Ringraziamo Tommaso Ciotti che ci ha inviato questo testo molto interessante, elaborato per un convegno all’Università degli Studi dell’Aquila, in cui affronta il tema dell’insegnamento L2 in contesto Sprar come strumento per l’integrazione.
“L’importanza dell’apprendimento della lingua del paese di arrivo è ovviamente fondamentale. Senza la conoscenza della lingua non è possibile una comunicazione efficace: si userebbe una lingua franca, probabilmente in maniera non appropriata e quindi non efficace, o si comunicherebbe con i gesti. In ogni caso non si sarebbe in grado di stabilire delle relazioni o, per citare Balboni, non si sarebbe in possesso della “capacità di agire socialmente con la lingua”.1
Il rapporto tra relazioni, finalità educative ed insegnamento linguistico è stato affrontato quasi un cinquantennio fa da Giovanni Freddi,2 che ha individuato tre forme di relazione fondamentali:
- Io e gli altri: a questo tipo di relazione corrisponde la finalità educativa della “culturizzazione”, che prevede un insegnamento linguistico che consenta all’apprendente di essere accettato in gruppi linguistico-culturali non nativi dove vuole/deve vivere;
- Io e i “tu” con cui convivo e collaboro: la finalità educativa è la socializzazione e l’insegnamento linguistico deve consentire all’apprendente di stabilire rapporti interpersonali senza problemi linguistico-comunicativi;
- Io con me stesso: la finalità educativa è l’autorealizzazione, cioè la realizzazione del proprio progetto di vita, e l’insegnamento deve mirare ad eliminare tutti gli ostacoli linguistici a questo progetto.

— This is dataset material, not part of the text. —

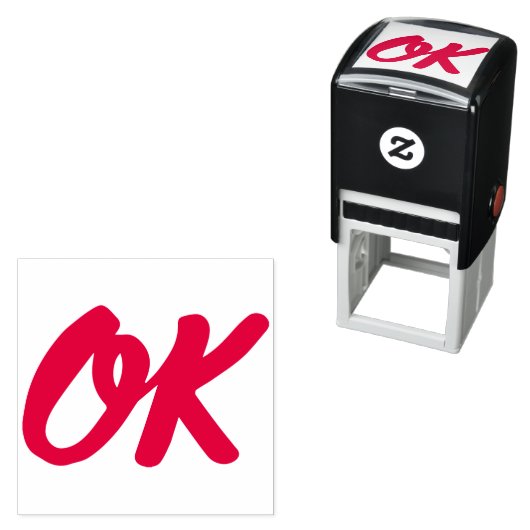 OK Retro Rubber Zelfinkt Stempel (In situ)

Nella scuola d’italiano degli Sprar dei Comuni di L’Aquila, Castel del Monte e Pizzoli, gestita dal Comitato Territoriale Arci L’Aquila e nella quale ricopro il ruolo di insegnante di lingua e cultura italiane, sono proprio le finalità della culturizzazione, socializzazione e autorealizzazione che vengono messe al centro del percorso didattico dei circa 50 apprendenti che quotidianamente la frequentano. Questo percorso è inserito in un progetto generale mirato all’acquisizione della completa autonomia del beneficiario sul territorio tramite la somministrazione integrata di servizi primari, assistenza socio-psico-sanitaria e formazione garantita dall’ente gestore.
Dalla breve analisi fatta in precedenza risulta chiaro come alla base della mia azione didattica ci sia l’idea che la lingua sia azione sociale.3 In quanto tale, il suo insegnamento non può limitarsi esclusivamente all’analisi delle strutture morfo-sintattiche, lessicali e fonetiche, cioè la cosiddetta “competenza linguistica”, ma debba sviluppare la “competenza comunicativa”,4 cioè l’insieme delle competenze linguistiche, extralinguistiche (cinesica, prossemica, vestemica, oggettemica), socio-pragmatiche e interculturali.
Di particolare interesse risultano essere le tematiche legate allo sviluppo delle competenze socio-pragmatiche e interculturali. Nella mia esperienza personale, ad esempio, mi sono ritrovato spesso ad affrontare delle difficoltà oggettive inerenti al:
- Concetto di tempo: cosa intendiamo per puntualità, i “tempi del discorso”, l’idea stessa e il valore (anche economico) dato al trascorrere del tempo;
- Concetto di spazio: lo spazio fisico, l’orientamento nel contesto urbano, la prossemica stessa;
- La sfera religiosa;
- La sessualità;
- Il mondo metaforico.
Quello che voglio sottolineare è quindi che non è solo la correttezza della lingua in quanto tale che ci deve interessare, quanto il suo uso nel contesto socio-culturale nel paese di arrivo e la capacità di comprensione mutuale degli aspetti interculturali sopra elencati: tutte le “competenze” fanno l’inclusione.
Nella nostra scuola d’italiano tentiamo proprio di sviluppare queste competenze in modo organico ed integrato. Lavoriamo su quattro classi formate in base ai criteri delineati dal Quadro Comune Europeo di Riferimento (QCER)5:
- Pre Alfa e Pre-A1: livello di primissima conoscenza della lingua italiana.
- A1: livello contatto.
- A2: livello sopravvivenza.
- B1/B2: livello soglia/livello progresso.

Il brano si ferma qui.